Write out, exactly and only, the lines that run from the top of the records to the line with "2-氰乙基丙烯酸酯_分子结构_CAS_106-71-8)". Include both ends; exclude pictures.

Data for the task ▸
· · · · ·
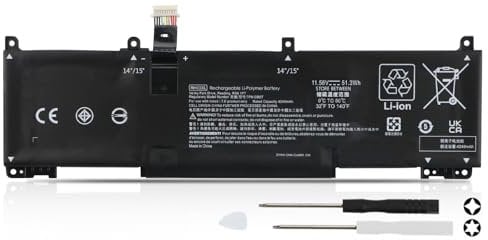 51.3Wh RH03XL RHO3XL RH03 Laptop Battery for HP ProBook 440 445 450 455 G9 G10,ProBook 640 650 G9 G10,EliteBook 640 645 650 655 G9 G10,ZHAN 66 Pro A 14 G5 Series M64307-171 M64307-2C1 RH03051XL-PL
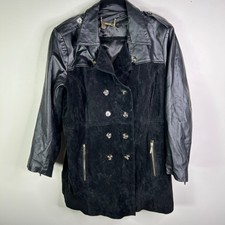 Iman Suede And Leather Women’s Jackets Size 1x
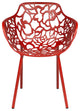 LeisureMod Modern Devon Aluminum Chair Red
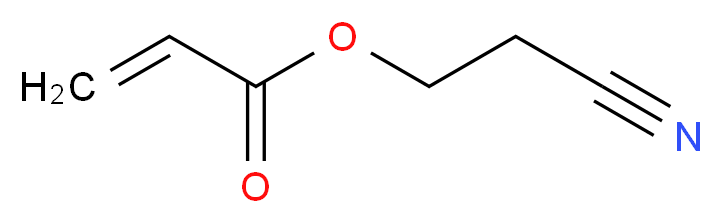 2-氰乙基丙烯酸酯_分子结构_CAS_106-71-8)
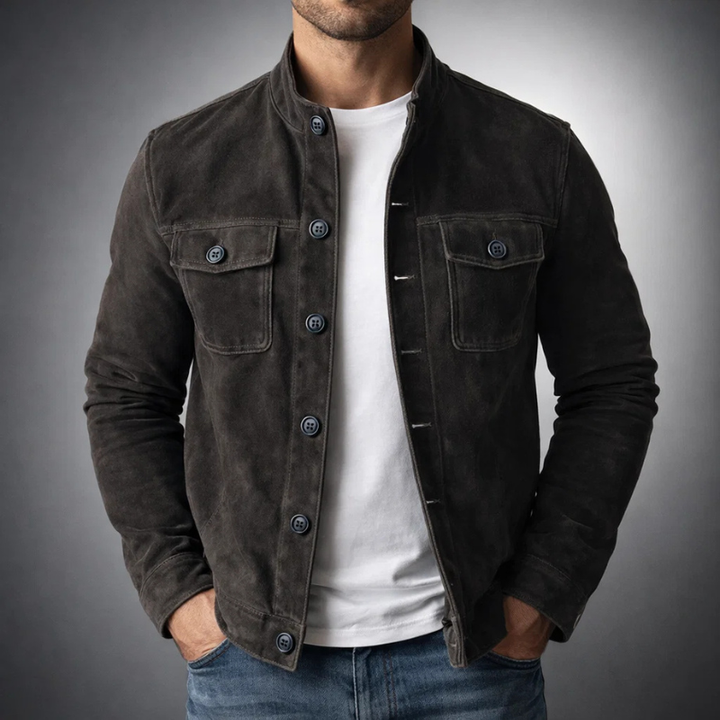Monaco | Suede Style Utility Jacket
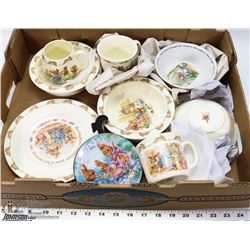 LARGE LOT OF ROYAL DOULTON BUNNYKINS CUPS/BOWLS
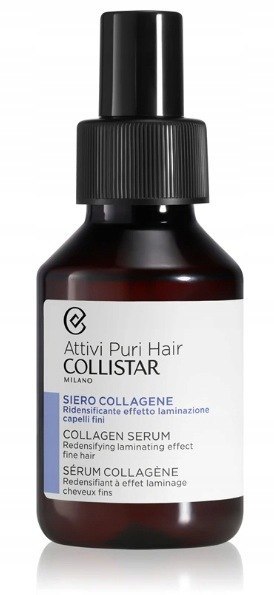 Collistar Attivi Puri Hair Collagen Serum serum do włosów z kolagenem 100ml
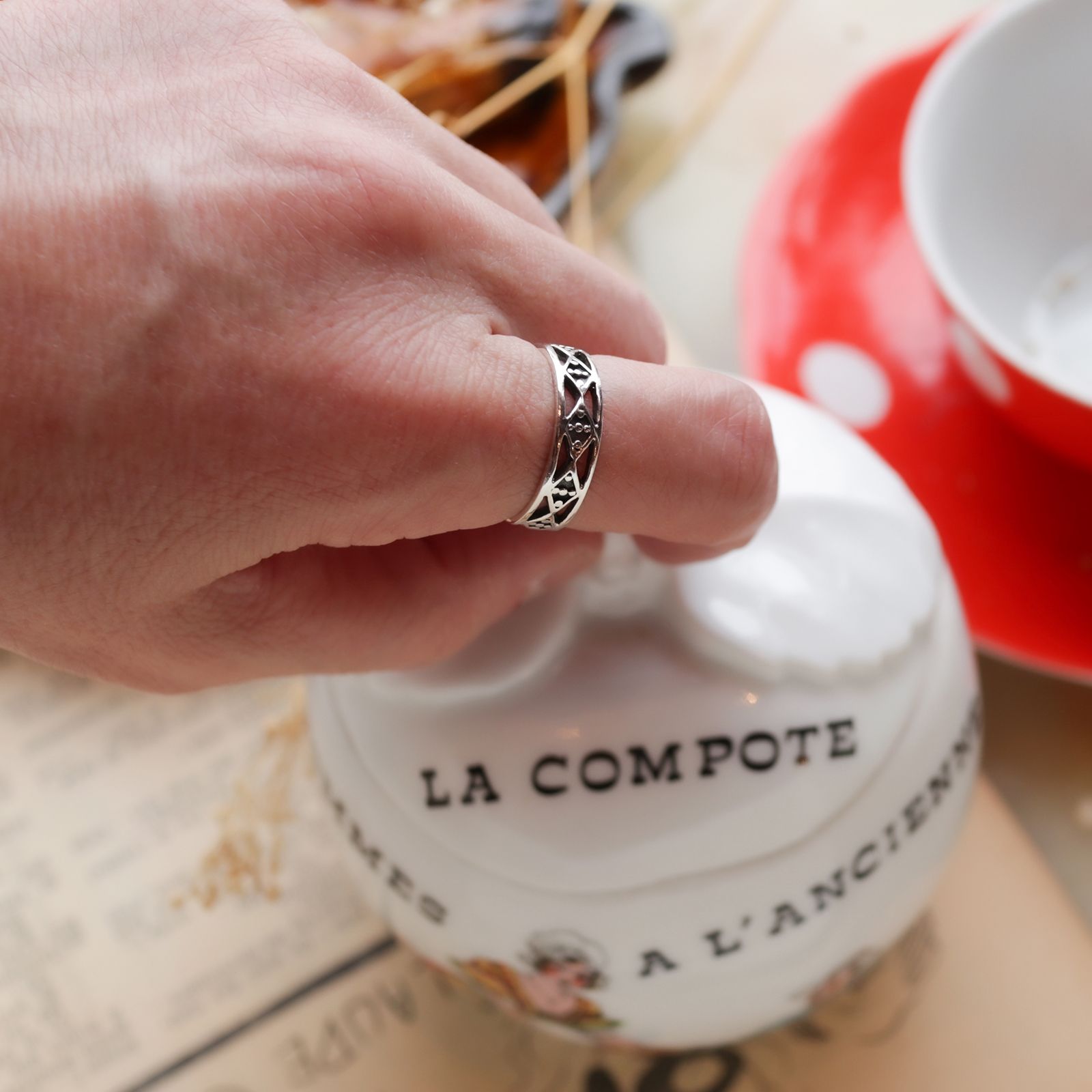 「エスニッククロス」リング silver925 ヨーロッパ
· · · · ·
Expected answer ▸
 51.3Wh RH03XL RHO3XL RH03 Laptop Battery for HP ProBook 440 445 450 455 G9 G10,ProBook 640 650 G9 G10,EliteBook 640 645 650 655 G9 G10,ZHAN 66 Pro A 14 G5 Series M64307-171 M64307-2C1 RH03051XL-PL
 Iman Suede And Leather Women’s Jackets Size 1x
 LeisureMod Modern Devon Aluminum Chair Red
 2-氰乙基丙烯酸酯_分子结构_CAS_106-71-8)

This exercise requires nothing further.